Die Niederlande wollen bis zum Jahr 2030 aus der Förderung von Erdgas aussteigen. Ausschlaggebend für die Entscheidung war das Erdbeben am 8. Januar in Zeerijp, 40 Kilometer entfernt von der deutschen Grenze, berichtet die Agentur für Erneuerbare Energien (AEE) aus Berlin in ihrem aktuellen Newsletter „Renews“.
Das Beben der Stärke 3,4 auf der Richterskala war das stärkste seit fünf Jahren in der Region. Da aufgrund der Erdgasförderung der Druck in der Sandsteinschicht nachlässt, werden die Gesteinsschichten zusammengequetscht, was zu den Erdbeben führt, so die AEE. Seit 1986 gab es in der Region mehr als 1.000 Beben.
Bevölkerung protestierte gegen Erdgasförderung
Die Stimmen der einheimischen Bevölkerung, die Erdgasförderung in der Region Groningen zu beenden, fanden nach Jahren des Protests Gehör. Nicht zuletzt, da die Bergaufsicht Warnstufe Rot ausrief und „eine erhebliche Produktionsreduktion“ empfahl.
Bis spätestens 2022 soll die Förderung in der Region annähernd halbiert werden. Ein sofortiger Ausstieg sei nicht möglich, da die niederländische Regierung langfristige Lieferverträge mit Deutschland, Frankreich und Belgien abgeschlossen habe, so die AEE.
Nach Angaben des Bundeswirtschaftsministeriums bezog Deutschland im Jahr 2016 fast ein Drittel seines Erdgases aus der Region Groningen. Rund 5 Millionen deutsche Haushalte sind von dem niederländischen L-Gas (Low calorific gas) abhängig, das einen geringeren Methangehalt als H-Gas (High calorific gas) hat. In den Niederlanden selbst heizen 90 Prozent aller Haushalte mit dem Erdgas. Da zahlreiche Heizungen nur mit L-Gas funktionieren, stehen kostspielige Umrüstungen an.

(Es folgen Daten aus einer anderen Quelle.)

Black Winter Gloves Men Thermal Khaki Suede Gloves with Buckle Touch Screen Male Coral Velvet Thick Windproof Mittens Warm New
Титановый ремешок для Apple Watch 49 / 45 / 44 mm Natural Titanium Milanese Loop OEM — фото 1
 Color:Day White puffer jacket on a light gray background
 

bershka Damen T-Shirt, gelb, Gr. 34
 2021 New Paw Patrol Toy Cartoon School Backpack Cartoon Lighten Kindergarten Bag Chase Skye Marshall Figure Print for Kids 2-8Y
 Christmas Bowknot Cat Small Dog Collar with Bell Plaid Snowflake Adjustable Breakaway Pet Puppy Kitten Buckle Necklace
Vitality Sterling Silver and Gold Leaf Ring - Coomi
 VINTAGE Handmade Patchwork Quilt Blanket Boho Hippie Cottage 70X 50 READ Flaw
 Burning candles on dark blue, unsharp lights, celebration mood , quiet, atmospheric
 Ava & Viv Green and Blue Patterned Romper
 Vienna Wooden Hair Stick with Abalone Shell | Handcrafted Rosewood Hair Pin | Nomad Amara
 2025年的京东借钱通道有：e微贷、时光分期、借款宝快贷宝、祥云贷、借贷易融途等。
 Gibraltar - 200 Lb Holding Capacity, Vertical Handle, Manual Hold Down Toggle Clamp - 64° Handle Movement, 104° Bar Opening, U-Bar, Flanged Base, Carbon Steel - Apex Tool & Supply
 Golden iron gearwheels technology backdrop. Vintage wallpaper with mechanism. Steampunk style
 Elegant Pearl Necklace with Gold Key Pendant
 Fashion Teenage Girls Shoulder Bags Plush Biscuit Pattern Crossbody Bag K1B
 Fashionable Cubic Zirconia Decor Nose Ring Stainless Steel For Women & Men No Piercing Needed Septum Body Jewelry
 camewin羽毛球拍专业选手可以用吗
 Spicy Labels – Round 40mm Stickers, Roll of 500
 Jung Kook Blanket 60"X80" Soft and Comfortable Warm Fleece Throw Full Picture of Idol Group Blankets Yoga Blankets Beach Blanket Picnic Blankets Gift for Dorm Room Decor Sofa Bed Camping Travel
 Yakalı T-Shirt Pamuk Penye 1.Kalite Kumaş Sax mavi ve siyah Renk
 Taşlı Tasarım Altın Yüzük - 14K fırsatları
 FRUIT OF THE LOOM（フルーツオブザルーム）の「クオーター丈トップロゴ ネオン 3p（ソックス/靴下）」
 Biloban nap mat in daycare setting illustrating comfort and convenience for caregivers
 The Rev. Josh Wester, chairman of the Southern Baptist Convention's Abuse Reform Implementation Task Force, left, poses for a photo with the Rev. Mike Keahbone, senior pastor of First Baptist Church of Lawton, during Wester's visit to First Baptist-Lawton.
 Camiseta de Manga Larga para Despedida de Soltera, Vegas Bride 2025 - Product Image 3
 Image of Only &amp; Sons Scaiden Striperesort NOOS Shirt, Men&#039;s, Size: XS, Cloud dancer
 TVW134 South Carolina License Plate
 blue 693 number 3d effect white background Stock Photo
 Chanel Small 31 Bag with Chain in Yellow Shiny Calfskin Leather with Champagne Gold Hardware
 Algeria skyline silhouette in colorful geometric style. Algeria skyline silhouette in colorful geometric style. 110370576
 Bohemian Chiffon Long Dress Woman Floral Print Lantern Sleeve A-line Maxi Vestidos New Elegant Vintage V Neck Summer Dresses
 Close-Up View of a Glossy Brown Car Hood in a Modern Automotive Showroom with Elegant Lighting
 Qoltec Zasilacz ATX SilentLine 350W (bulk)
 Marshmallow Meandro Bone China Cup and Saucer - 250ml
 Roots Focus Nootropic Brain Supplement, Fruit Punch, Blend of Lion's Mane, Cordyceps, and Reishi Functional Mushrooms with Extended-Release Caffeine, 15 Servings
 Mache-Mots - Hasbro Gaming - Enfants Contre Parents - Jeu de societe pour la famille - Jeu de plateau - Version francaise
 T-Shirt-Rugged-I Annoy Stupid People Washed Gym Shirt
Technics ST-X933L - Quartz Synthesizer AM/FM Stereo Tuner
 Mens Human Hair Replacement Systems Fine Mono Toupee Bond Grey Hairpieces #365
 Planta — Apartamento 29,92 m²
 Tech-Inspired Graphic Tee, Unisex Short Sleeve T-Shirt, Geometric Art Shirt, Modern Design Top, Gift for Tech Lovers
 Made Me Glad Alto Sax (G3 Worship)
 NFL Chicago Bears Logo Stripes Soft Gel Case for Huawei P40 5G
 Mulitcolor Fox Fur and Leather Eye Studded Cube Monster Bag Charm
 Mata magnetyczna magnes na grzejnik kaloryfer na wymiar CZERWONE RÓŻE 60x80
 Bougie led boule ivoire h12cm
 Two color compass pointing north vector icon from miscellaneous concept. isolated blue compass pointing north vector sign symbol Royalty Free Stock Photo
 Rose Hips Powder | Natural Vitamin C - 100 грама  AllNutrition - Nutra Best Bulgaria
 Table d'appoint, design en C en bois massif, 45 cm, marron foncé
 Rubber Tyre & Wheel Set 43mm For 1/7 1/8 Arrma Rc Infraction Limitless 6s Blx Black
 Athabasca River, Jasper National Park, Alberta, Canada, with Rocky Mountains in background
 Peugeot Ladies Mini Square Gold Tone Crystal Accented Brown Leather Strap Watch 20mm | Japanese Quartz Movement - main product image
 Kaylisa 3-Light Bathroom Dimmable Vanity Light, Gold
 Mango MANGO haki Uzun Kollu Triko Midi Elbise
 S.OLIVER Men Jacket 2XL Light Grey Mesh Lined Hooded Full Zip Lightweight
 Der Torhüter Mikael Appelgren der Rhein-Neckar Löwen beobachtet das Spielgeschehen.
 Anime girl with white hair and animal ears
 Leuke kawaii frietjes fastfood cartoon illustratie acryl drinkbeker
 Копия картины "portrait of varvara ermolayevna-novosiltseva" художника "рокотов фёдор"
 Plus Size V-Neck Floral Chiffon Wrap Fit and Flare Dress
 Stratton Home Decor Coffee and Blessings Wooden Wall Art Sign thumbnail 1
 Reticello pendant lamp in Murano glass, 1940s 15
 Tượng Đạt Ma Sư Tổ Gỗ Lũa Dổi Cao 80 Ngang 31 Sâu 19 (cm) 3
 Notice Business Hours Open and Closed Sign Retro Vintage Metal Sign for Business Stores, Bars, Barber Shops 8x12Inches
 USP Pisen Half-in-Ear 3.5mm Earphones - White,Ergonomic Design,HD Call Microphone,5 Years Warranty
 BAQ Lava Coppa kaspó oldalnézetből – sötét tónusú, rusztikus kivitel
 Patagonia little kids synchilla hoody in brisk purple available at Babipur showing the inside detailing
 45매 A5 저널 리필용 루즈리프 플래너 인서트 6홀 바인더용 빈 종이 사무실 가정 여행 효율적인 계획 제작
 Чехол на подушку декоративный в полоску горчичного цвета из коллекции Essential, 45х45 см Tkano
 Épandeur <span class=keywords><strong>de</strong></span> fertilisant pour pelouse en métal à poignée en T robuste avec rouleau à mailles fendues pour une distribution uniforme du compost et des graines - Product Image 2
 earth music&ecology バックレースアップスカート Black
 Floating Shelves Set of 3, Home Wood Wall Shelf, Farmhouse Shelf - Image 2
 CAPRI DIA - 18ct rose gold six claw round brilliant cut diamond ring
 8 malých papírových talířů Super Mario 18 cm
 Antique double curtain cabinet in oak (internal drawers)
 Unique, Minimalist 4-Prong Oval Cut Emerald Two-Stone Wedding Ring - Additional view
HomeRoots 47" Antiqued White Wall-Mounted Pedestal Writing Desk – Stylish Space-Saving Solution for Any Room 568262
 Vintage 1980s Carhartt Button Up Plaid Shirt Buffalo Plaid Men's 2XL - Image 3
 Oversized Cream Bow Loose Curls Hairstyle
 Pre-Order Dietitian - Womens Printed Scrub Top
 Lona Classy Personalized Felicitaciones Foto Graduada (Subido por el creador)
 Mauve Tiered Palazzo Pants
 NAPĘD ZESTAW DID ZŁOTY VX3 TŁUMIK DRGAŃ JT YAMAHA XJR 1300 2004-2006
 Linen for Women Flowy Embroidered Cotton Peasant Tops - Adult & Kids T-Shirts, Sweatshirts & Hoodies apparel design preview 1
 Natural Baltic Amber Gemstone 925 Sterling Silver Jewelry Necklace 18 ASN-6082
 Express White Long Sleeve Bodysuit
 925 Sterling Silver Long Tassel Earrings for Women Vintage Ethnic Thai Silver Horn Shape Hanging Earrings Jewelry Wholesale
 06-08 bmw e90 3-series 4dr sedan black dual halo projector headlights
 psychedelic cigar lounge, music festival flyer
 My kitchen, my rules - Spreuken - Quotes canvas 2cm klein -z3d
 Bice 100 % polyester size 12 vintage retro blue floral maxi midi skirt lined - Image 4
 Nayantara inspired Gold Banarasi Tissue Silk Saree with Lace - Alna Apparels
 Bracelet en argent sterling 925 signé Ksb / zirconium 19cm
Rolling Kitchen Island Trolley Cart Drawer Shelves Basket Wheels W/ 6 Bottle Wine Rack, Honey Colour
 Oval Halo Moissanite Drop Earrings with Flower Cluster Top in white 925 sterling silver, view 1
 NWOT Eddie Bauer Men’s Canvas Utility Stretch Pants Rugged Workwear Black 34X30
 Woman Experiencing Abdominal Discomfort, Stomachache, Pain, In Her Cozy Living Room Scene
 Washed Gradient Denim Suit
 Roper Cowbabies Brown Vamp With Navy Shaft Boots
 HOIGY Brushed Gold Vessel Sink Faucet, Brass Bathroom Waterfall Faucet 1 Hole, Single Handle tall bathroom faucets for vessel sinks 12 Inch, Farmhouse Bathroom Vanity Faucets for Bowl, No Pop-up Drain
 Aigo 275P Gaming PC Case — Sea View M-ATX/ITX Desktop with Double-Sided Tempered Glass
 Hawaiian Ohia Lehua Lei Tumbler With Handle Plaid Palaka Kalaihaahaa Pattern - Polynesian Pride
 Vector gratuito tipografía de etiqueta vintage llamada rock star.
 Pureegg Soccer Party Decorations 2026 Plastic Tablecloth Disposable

Auch der Bau einer Stickstoffanlage für eine halbe Milliarde Euro stehe zur Debatte, die importiertes H-Gas für einen problemlosen Gebrauch in L-Gasheizungen umwandeln könne. Aufgrund der hohen Kosten und der Fertigstellung der Anlage bis 2022 stehe der Plan in der Kritik. Denn die Anlage wäre wegen der Energiewende möglicherweise nur wenige Jahre im Einsatz.
Wichtige Einnahmequelle fällt weg
Mit der Stilllegung könnte der niederländische Staat eine bedeutende Einnahmequelle verlieren. So nahm er seit den 1960er Jahren fast 300 Milliarden Euro ein. Mit dem Geld wurde überwiegend der Ausbau des Sozialstaats finanziert. Das Erdgasfeld in der Region Groningen wurde im Jahr 1959 entdeckt. Es gilt aufgrund seiner gefundenen Reserven von 2,8 Billionen Kubikmetern (900 Quadratkilometer groß und bis zu 300 Meter dick) als eines der größten der Welt. Im vergangenen Jahr wurden 23,6 Milliarden Kubikmeter gefördert. Die Niederlande sind innerhalb der Europäischen Union der größte Erdgasproduzent und -exporteur, heißt es in den „Renews“.
Umstrittene Fracking-Bohrungen
Vor fünf Jahren erwogen die Niederlande in der Grenzregion zu Deutschland Fracking-Bohrungen durchzuführen. Beim Fracking wird in drei Kilometern Tiefe ein Gemisch aus Chemikalien, Wasser und Sand mit Hochdruck in Schiefer-, Ton, Mergel- oder Kohleflözgestein gepresst. Bei diesem Vorgang wird Gestein aufgespalten, das darin enthaltene Erdgas kann gefördert werden. Die niederländische Regierung nahm Abstand von dem Plan, da es unter anderem Proteste der Landesregierungen Niedersachsens und Nordrhein-Westfalens gab. Das Fracking-Verfahren steht aufgrund seiner Umweltfolgen in der Kritik. Anfang Mai wurde bekannt, dass Niedersachsen Fracking-Bohrungen auf eigenem Gebiet nicht mehr ausschließt.